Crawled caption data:
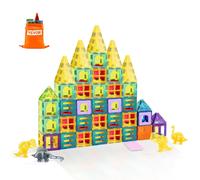 Tuiles Magnétiques,56 Pcs,Blocs De Construction Magnétiques Pour Enfants,Jouets De Construction Éducatifs Sensoriels Stem À Empiler Avec 4 Dinosaures,Cadeau Pour Tout-Petits De 3 Ans Et Plus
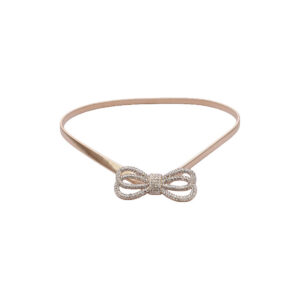 Metal Chain Bow Belt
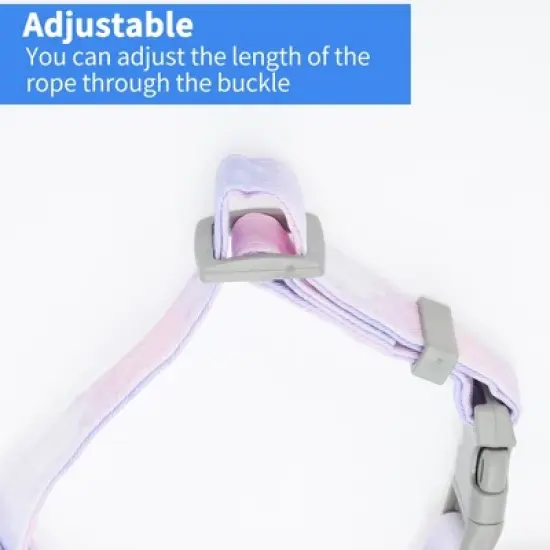 Unique Bargains Escape Proof Cat Harness and Leash Set with Bee Pattern for Large and Small Cats Travel Walking Medium Purple image {3}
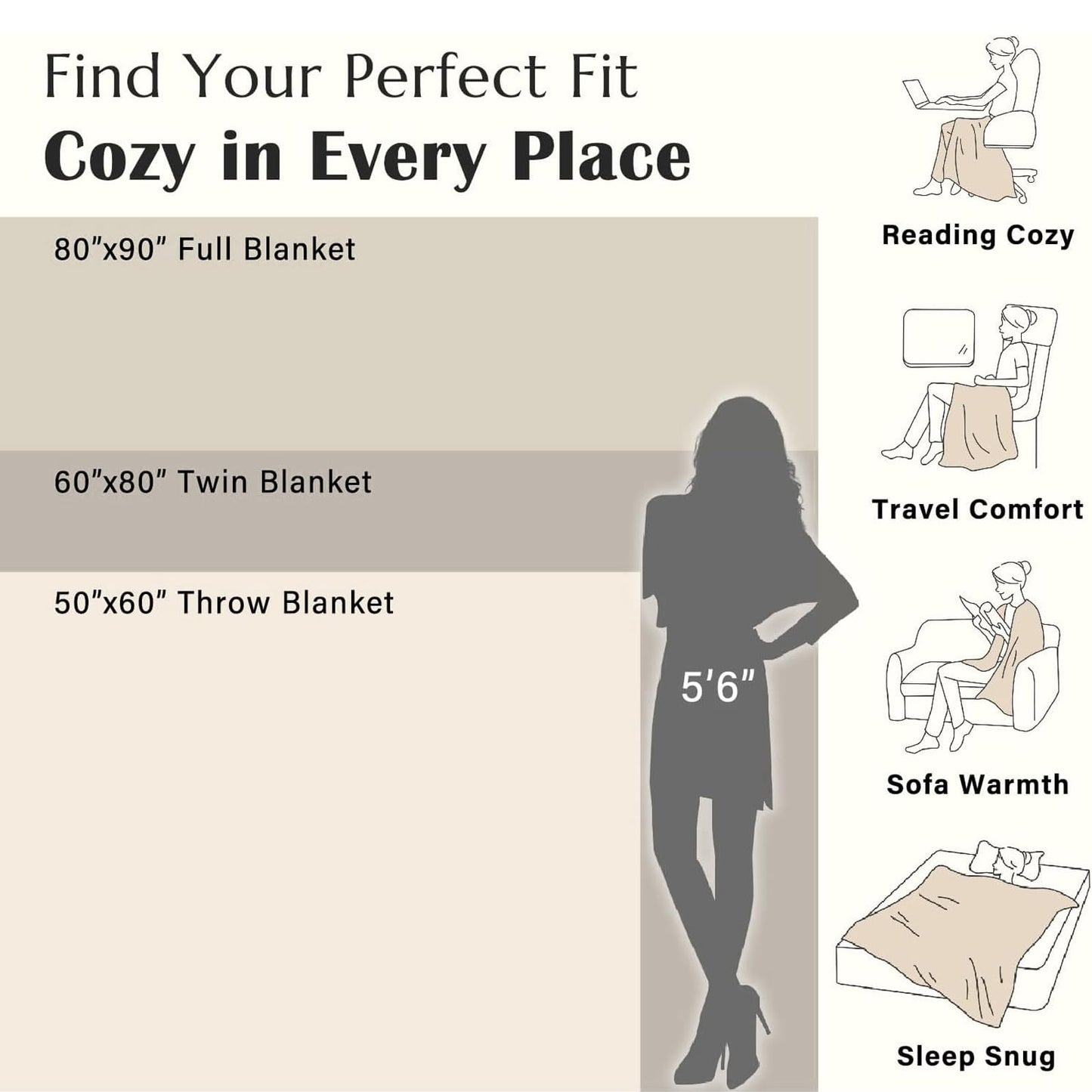 jinchan Boho Floral 100% Cotton Blanket 4-Layer Throw Blanket with Tassel Grey and White Flower Butterfly Soft Luxury Rustic Farmhouse Decor Blanket for Couch Bed 60x80 inch All Season Gift for Women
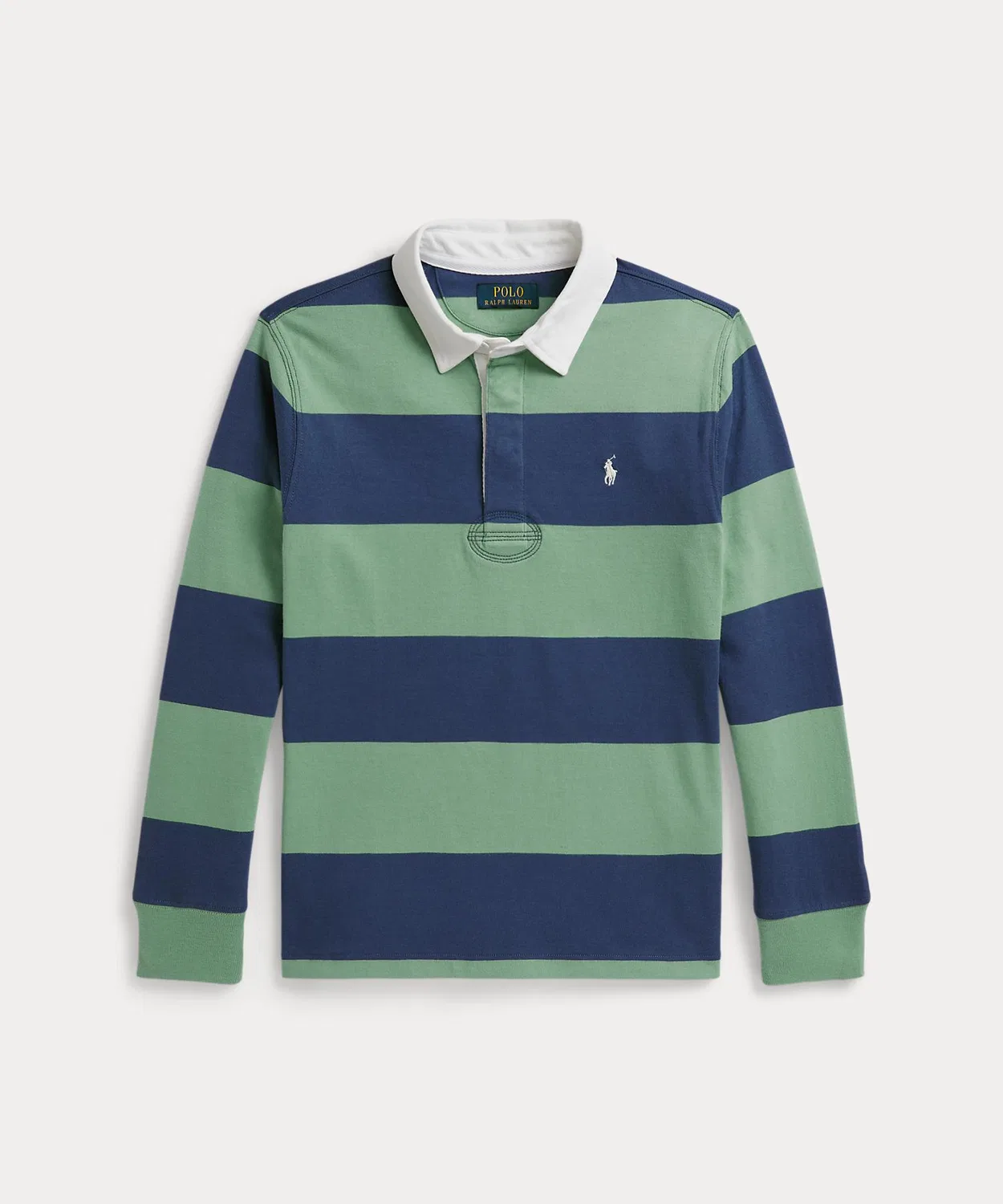 Детская рубашка-поло с длинным рукавом модели Iconic Rugby Shirt POLO RALPH LAUREN CHILDRENSWEAR, Multi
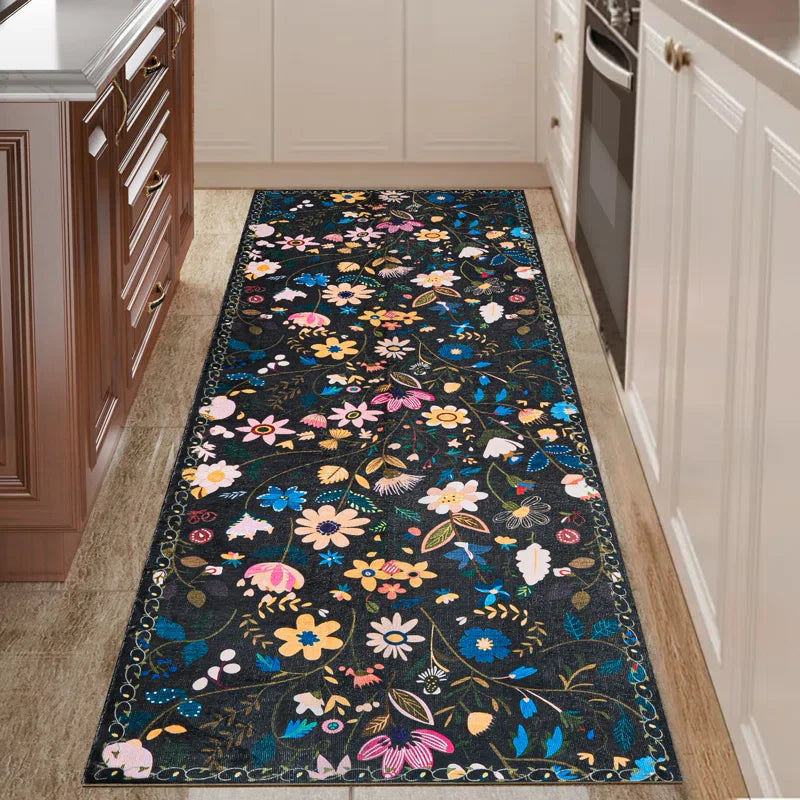 YUIlili Nature Voja Non-Slip Machine Washable Colorful Modern Area Rug For Living Room, Hallway Runner, Entryway Rug #AZJL9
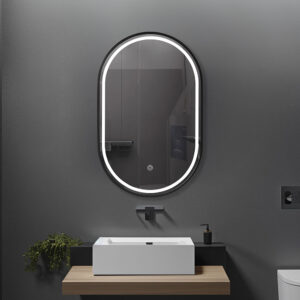 Kopalniško LED ovalno ogledalo 50x80cm(7600-A4)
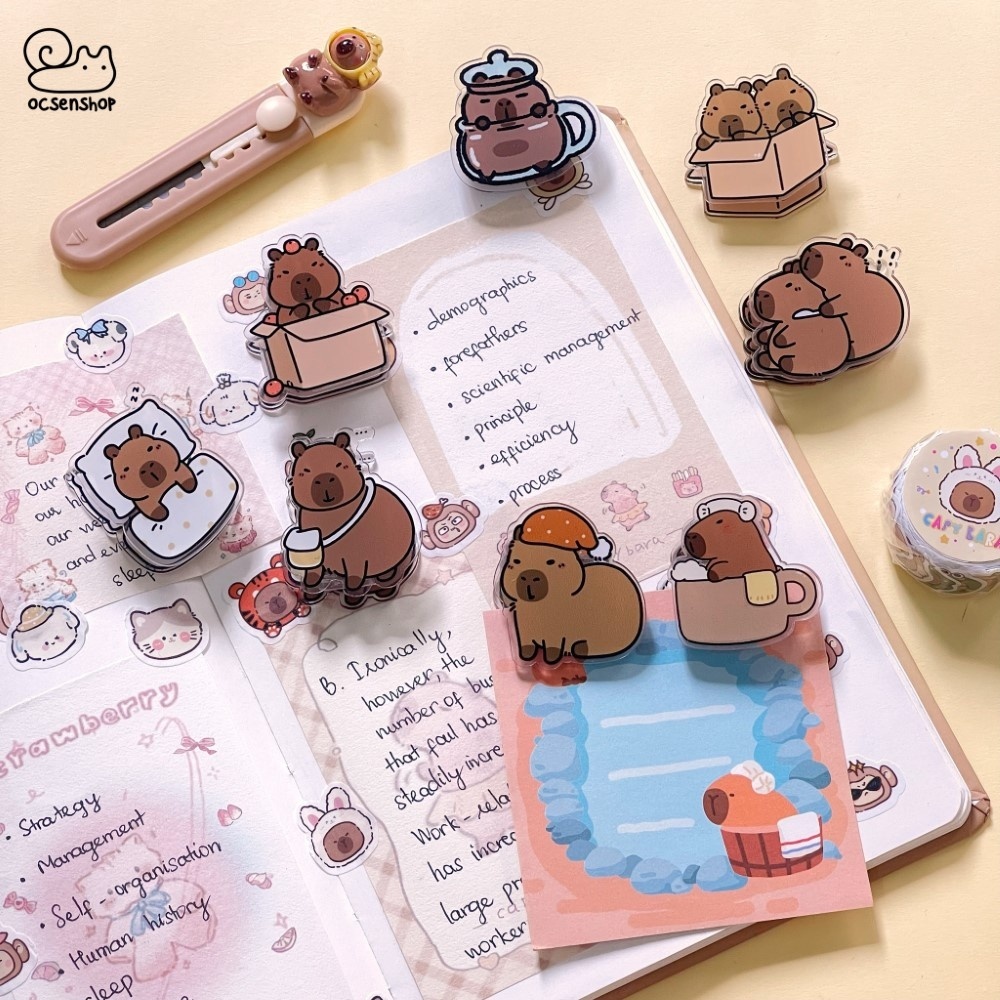 Kẹp nhựa Capybara (Giao mẫu ngẫu nhiên)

- [YOUR TASK] Only the lines from the one containing "Kopalniško LED ovalno" through the last line of the entries above should be copied, exactly as they are and without the pictures.

- [FINISHED EXERCISE]
 Kopalniško LED ovalno ogledalo 50x80cm(7600-A4)
 Kẹp nhựa Capybara (Giao mẫu ngẫu nhiên)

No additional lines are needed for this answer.